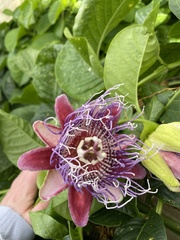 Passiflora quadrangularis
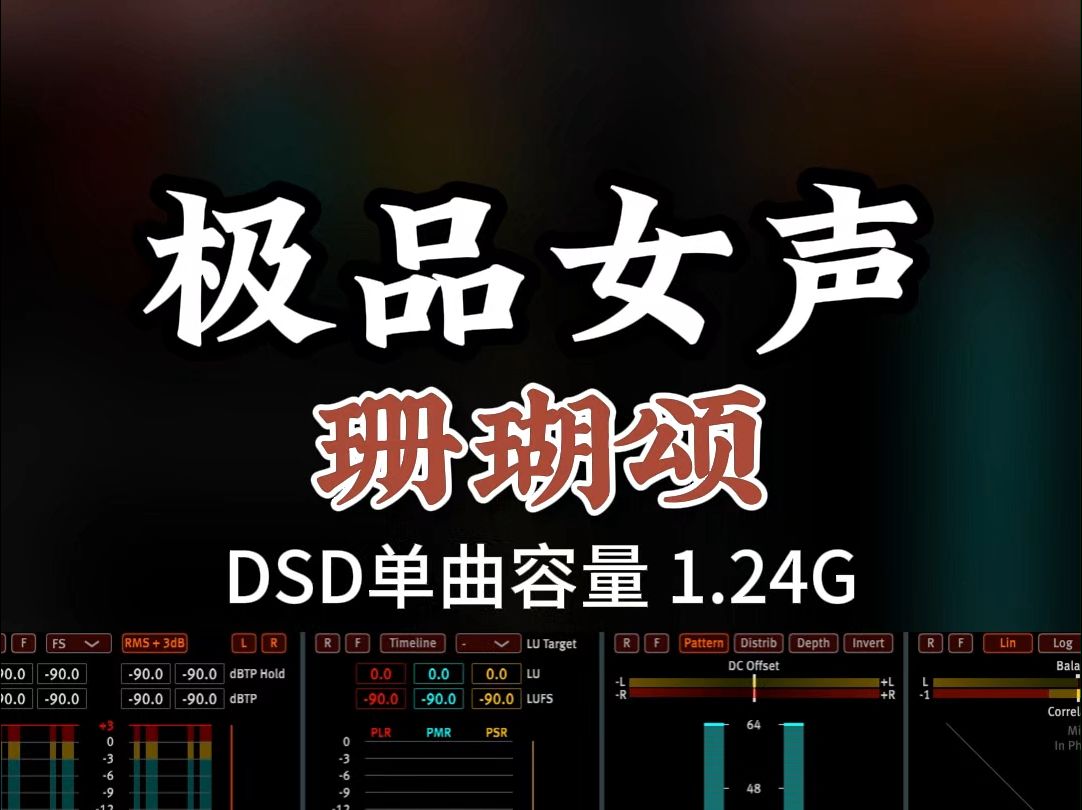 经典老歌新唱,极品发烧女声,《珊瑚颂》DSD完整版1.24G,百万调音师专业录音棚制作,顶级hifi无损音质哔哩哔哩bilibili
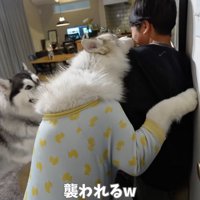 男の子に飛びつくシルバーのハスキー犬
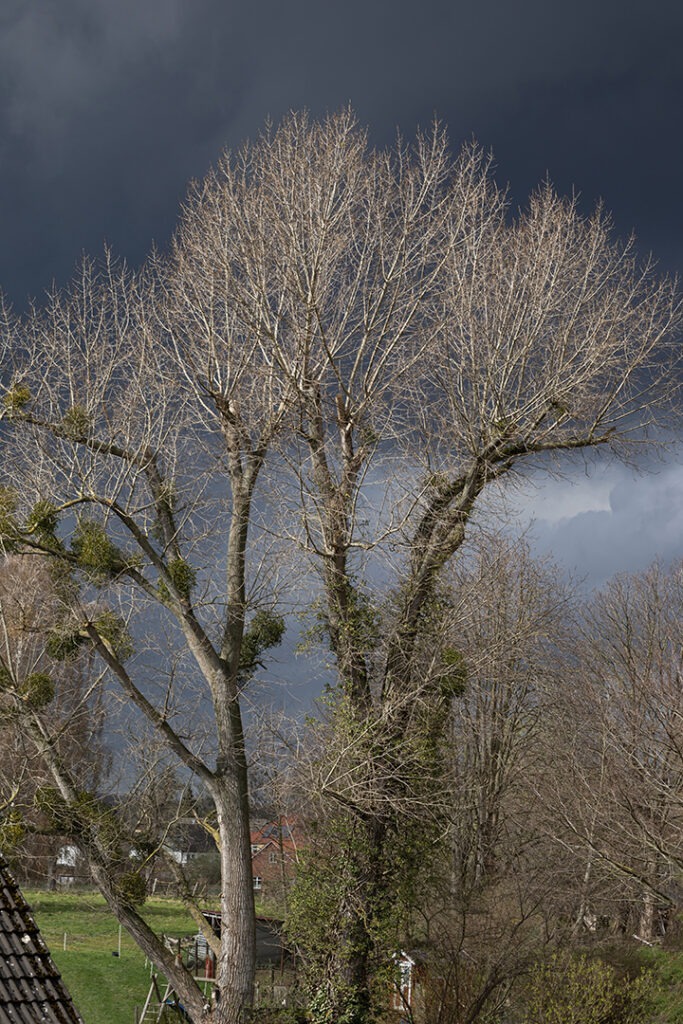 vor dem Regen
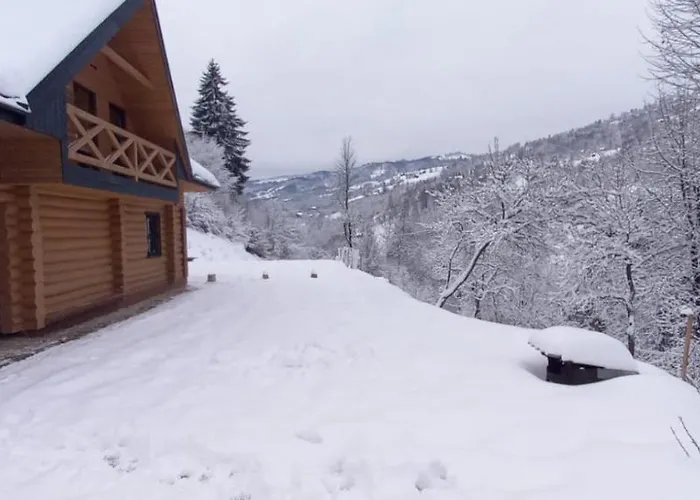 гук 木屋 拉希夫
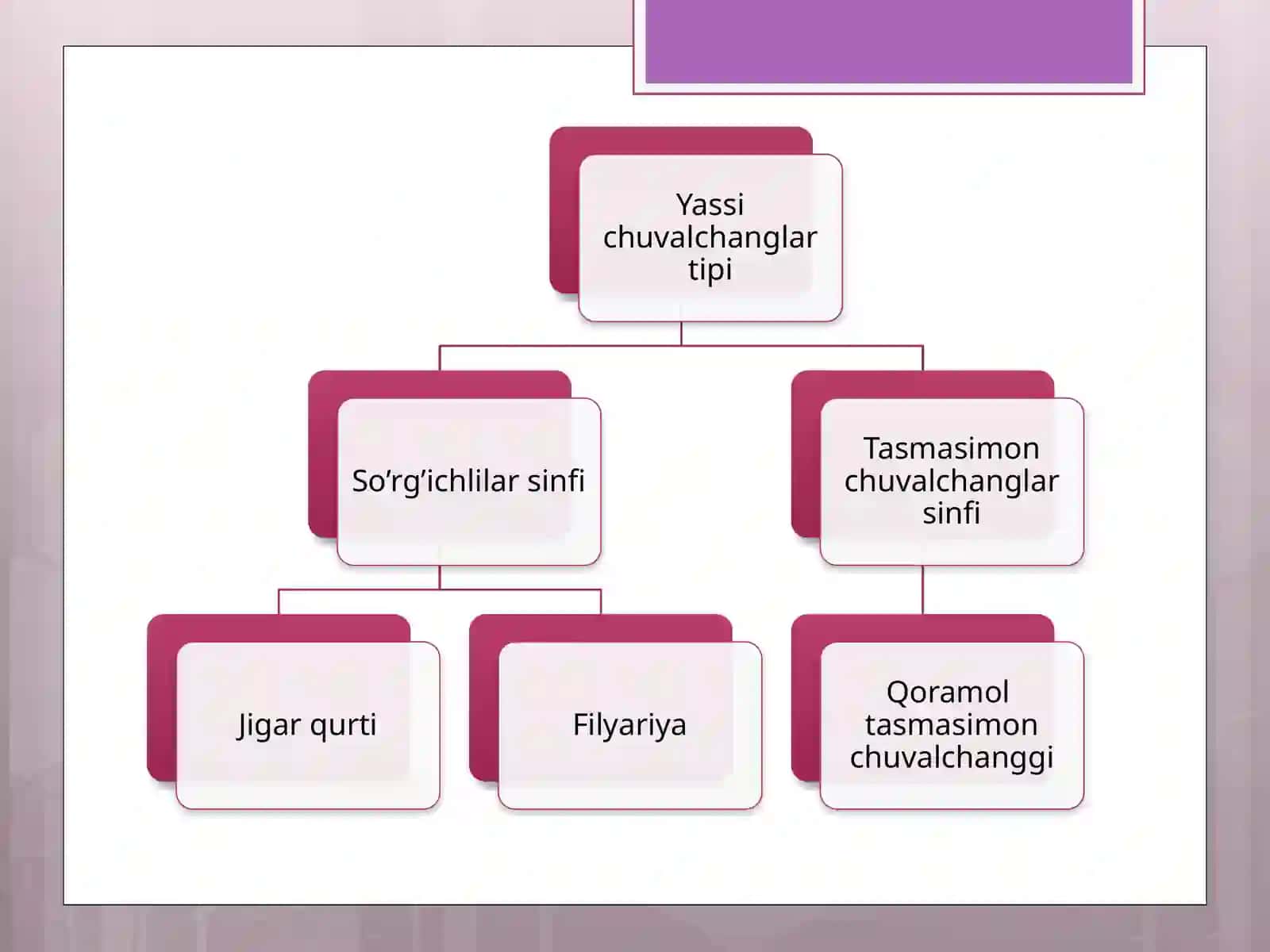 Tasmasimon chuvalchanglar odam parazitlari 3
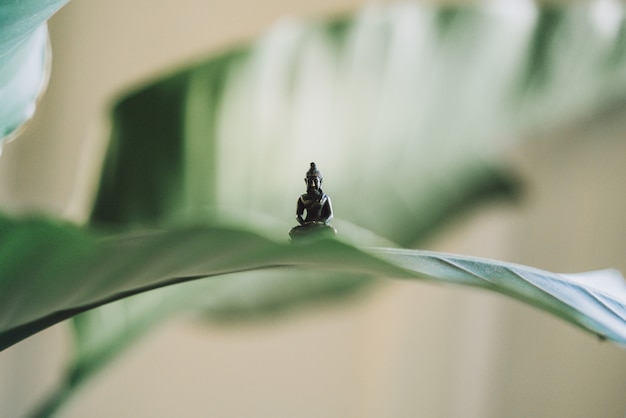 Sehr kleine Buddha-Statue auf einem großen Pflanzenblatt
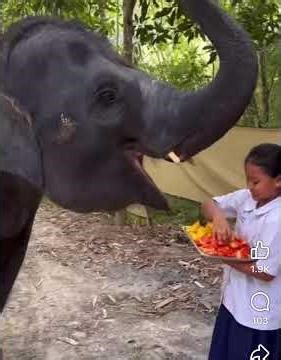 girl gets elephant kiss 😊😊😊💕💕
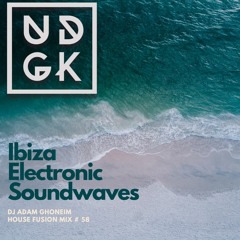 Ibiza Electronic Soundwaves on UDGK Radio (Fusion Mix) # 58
==
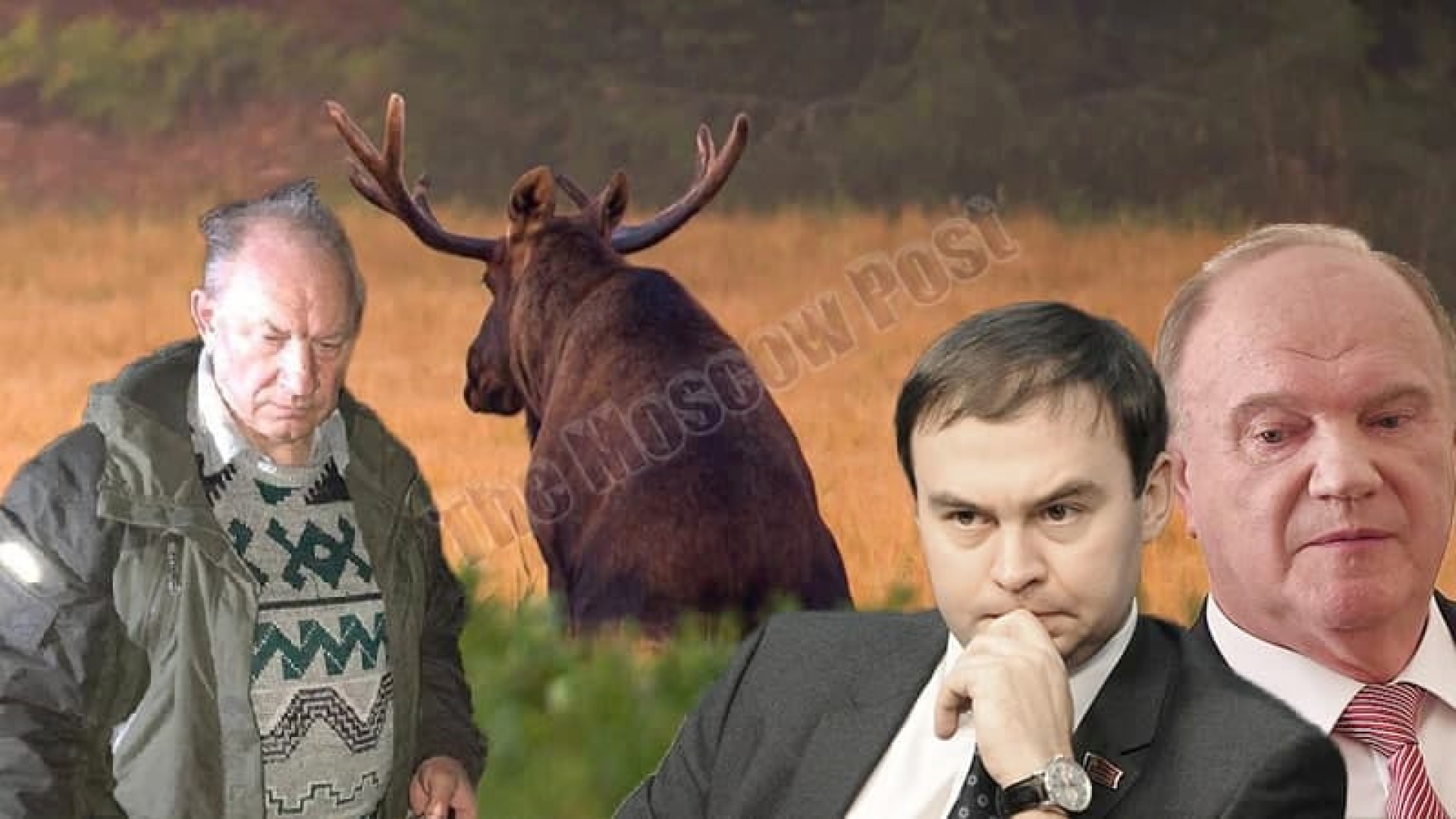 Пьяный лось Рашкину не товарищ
--
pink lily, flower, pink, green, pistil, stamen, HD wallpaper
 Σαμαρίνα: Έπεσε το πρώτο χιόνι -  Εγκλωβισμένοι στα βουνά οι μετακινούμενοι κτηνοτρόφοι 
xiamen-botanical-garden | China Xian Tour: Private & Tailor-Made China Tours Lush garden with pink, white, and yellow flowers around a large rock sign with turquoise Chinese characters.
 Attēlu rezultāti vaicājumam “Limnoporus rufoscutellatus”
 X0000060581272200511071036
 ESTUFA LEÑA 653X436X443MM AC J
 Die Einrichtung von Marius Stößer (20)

• _YOUR GOAL_
Please output exactly the lines between the one holding "Attēlu rezultāti vaicājumam" and the one holding "Die Einrichtung von Marius Stößer (20)" in the records above, inclusive, and nothing more.

• _TASK RESPONSE_
 Attēlu rezultāti vaicājumam “Limnoporus rufoscutellatus”
 X0000060581272200511071036
 ESTUFA LEÑA 653X436X443MM AC J
 Die Einrichtung von Marius Stößer (20)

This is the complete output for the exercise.